Początek walki był spokojny. Lucindo była szybsza i kilka razy trafiła w krótkich seriach. Po mocnym lewym sierpowym zamknęło się oko Kowalkiewicz. Walka przeniosła się do klinczu, w którym Brazylijka złapała gilotynę. 22-latka bardzo dobrze pracowała kolanem. Zawodniczka młodsza od przeciwniczki aż o 16 lat miała bardzo dużą przewagę siłową w klatce. Polce udało się na moment zerwać klincz, ale zaraz potem została łatwo obalona. Lucindo uzyskała dosiad, z którego zadawała kolejne ciosy.
Kowalkiewicz starała się skracać dystans, ale przy okazji przyjmowała mocne ciosy. Lucindo celowała lewą ręką, gdyż ze swojej prawej strony Polka miała ograniczoną widoczność z powodu opuchlizny. Reprezentantka gospodarzy raz po raz trafiała niestety mocnymi ciosami. Lucindo angażowała też kopnięcia, pod koniec rundy popisała się również dobrym kolanem.

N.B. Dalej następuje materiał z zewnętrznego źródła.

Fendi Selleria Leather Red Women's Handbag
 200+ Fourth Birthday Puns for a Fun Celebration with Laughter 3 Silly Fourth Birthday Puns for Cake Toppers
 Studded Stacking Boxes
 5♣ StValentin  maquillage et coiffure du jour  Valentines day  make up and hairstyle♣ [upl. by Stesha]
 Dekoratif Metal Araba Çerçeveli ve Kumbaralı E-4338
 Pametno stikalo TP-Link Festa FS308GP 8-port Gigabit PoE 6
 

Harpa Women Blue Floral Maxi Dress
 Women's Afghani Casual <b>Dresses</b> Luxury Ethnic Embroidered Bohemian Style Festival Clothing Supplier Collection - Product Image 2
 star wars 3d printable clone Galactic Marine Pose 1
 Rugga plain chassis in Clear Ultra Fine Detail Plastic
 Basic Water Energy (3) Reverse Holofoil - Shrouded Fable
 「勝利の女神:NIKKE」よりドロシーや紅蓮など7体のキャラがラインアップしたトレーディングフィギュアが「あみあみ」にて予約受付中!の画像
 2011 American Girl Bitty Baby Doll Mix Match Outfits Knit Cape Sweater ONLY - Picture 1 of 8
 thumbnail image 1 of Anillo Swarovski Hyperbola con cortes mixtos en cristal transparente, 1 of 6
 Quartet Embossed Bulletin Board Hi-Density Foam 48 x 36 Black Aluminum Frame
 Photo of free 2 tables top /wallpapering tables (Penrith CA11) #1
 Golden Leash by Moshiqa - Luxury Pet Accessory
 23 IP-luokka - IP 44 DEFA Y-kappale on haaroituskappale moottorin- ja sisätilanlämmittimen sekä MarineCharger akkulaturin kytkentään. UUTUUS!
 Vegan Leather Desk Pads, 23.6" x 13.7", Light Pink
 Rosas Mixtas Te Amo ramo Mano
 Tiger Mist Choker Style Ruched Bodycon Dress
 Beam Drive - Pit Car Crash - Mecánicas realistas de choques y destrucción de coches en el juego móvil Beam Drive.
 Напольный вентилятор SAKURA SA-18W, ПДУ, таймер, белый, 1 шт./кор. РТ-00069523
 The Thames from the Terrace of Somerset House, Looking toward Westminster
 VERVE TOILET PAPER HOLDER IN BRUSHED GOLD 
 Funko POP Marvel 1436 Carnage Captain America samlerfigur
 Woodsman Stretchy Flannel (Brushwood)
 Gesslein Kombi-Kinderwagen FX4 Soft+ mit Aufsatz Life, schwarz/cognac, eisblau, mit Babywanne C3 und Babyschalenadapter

W trzeciej rundzie walka szybko trafiła do klinczu, w którym przewagę uzyskała Brazylijka. Z niego udało się jej także zdobyć kolejne obalenie. Udało się wrócić do stójki. U Polki pojawiło się rozcięcie nad lewym okiem. W kolejnym klinczu Lucindo zapięła klamrę za plecami Kowalkiewicz. Raz jeszcze udało się jej też przewrócić byłą pretendentkę. W samej końcówce Polka przyjęła jeszcze kilka mocnych ciosów.
Wynik walki był oczywisty. Lucindo wygrała zdecydowanie na kartach sędziowskich – 3x 30-27.